No, a make.conf NO, a /etc/env.d/02locale

de lo contrario no serán variables globales del entorno, como todo lo demás que se define en make.conf

Así evitas tener que modificar el /etc/profile y la posibilidad de perder los cambios cada vez que se actualice el baselayout, porque no actualizarlo puede ser una muy mala idea...

----------

## Alex14

 *LinuxBlues wrote:*   

> 
> 
> No, a make.conf NO, a /etc/env.d/02locale
> 
> de lo contrario no serán variables globales del entorno, como todo lo demás que se define en make.conf
> ...

 

 :Surprised:  no tengo ese fichero (ni siquiera con otro numero) tengo que crearlo?

y srry no he terminado (y empezado) de entender el porque hay y en make.conf no xD

----------

## LinuxBlues

 *Alex14 wrote:*   

> no tengo ese fichero (ni siquiera con otro numero) tengo que crearlo?
> 
> y srry no he terminado (y empezado) de entender el porque hay y en make.conf no xD

 

Efectivamente, hay que crearlo, env-update no servirá, hay que hacer un reboot para que lo lea...

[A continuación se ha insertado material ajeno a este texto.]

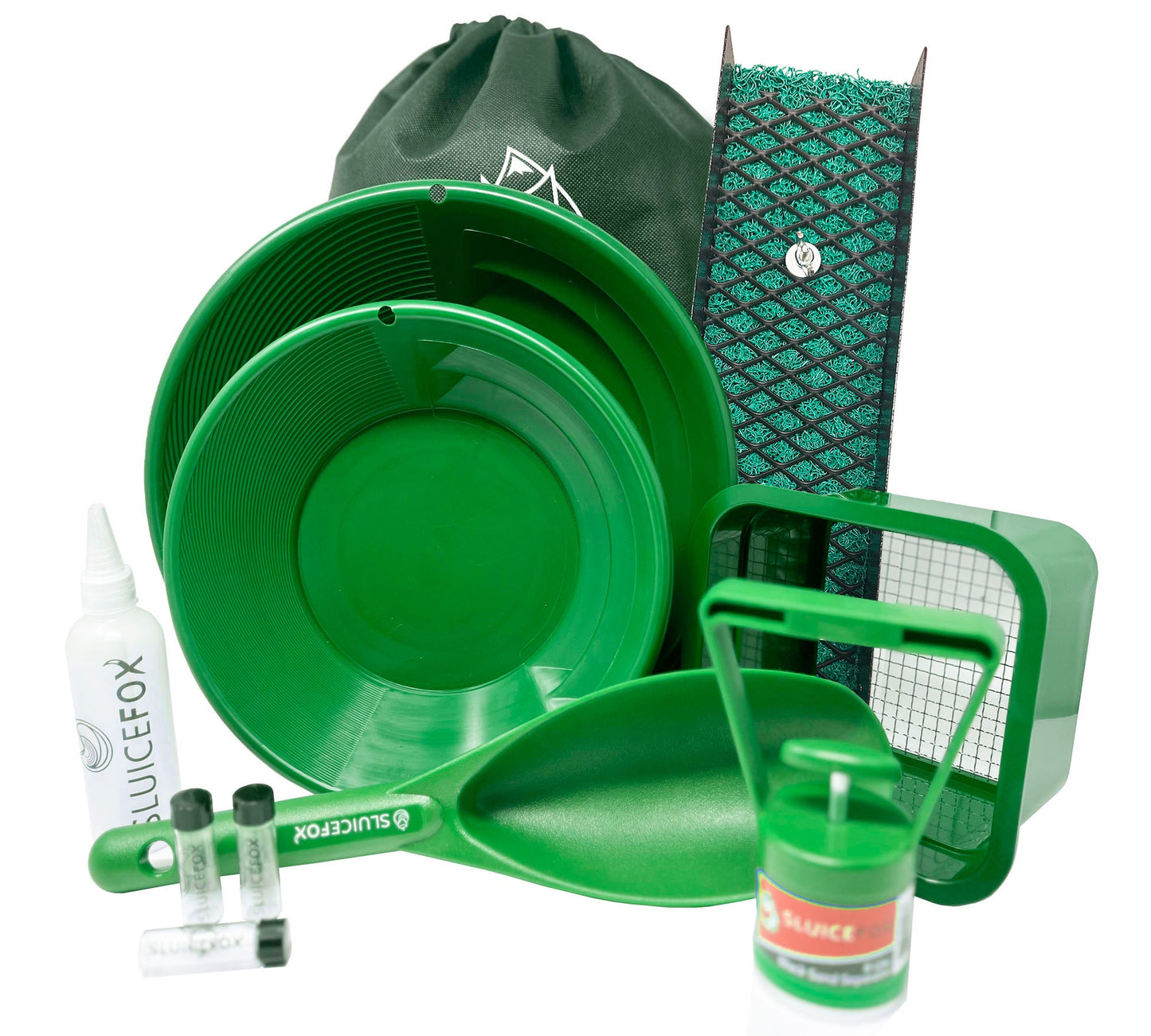 Sluice Fox Pocket Sluice Kit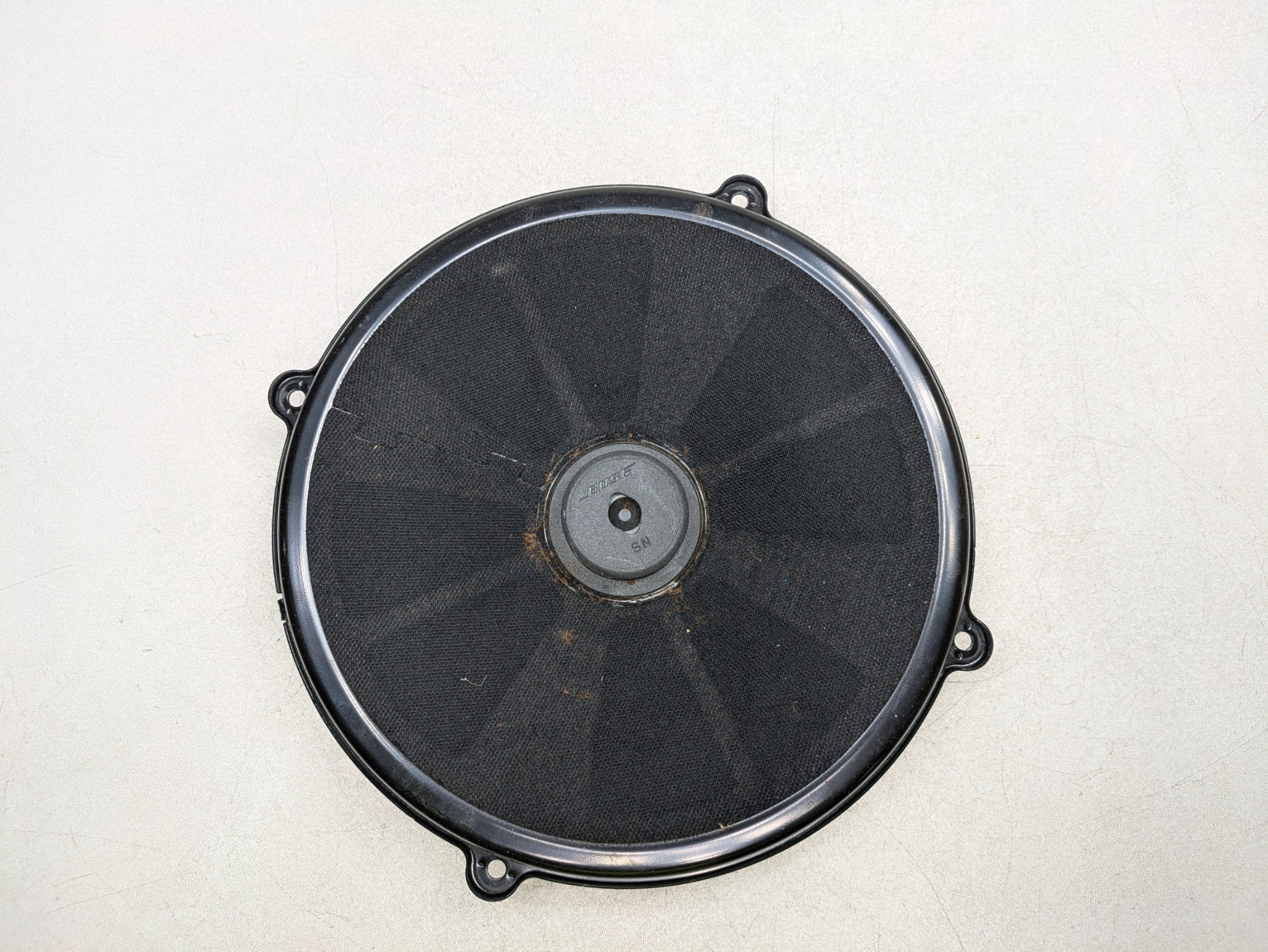 2006 - 2010 INFINITI M35 OEM SPEAKER SUBWOOFER DECK BOSE AUDIO REAR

Con respecto a lo de por qué no añadirlo a /etc/make.conf sencillamente teclea

echo $CFLAGS

Si no te devuelve ningún valor, o mejor dicho, no devuelve absolutamente nada, espero que entiendas porqué.... make.conf no crea variables globales de entorno, es decir, si no estuvieses usando un escritorio kde o gnome, que me juego el cuello a que lo estás haciendo, dado que no lo has notado, y estuvieses usando uno de tipo "fluxbox", con definir las "locales" en make.conf te aparecería en inglés, a menos que uses gdm o kdm para iniciarlo.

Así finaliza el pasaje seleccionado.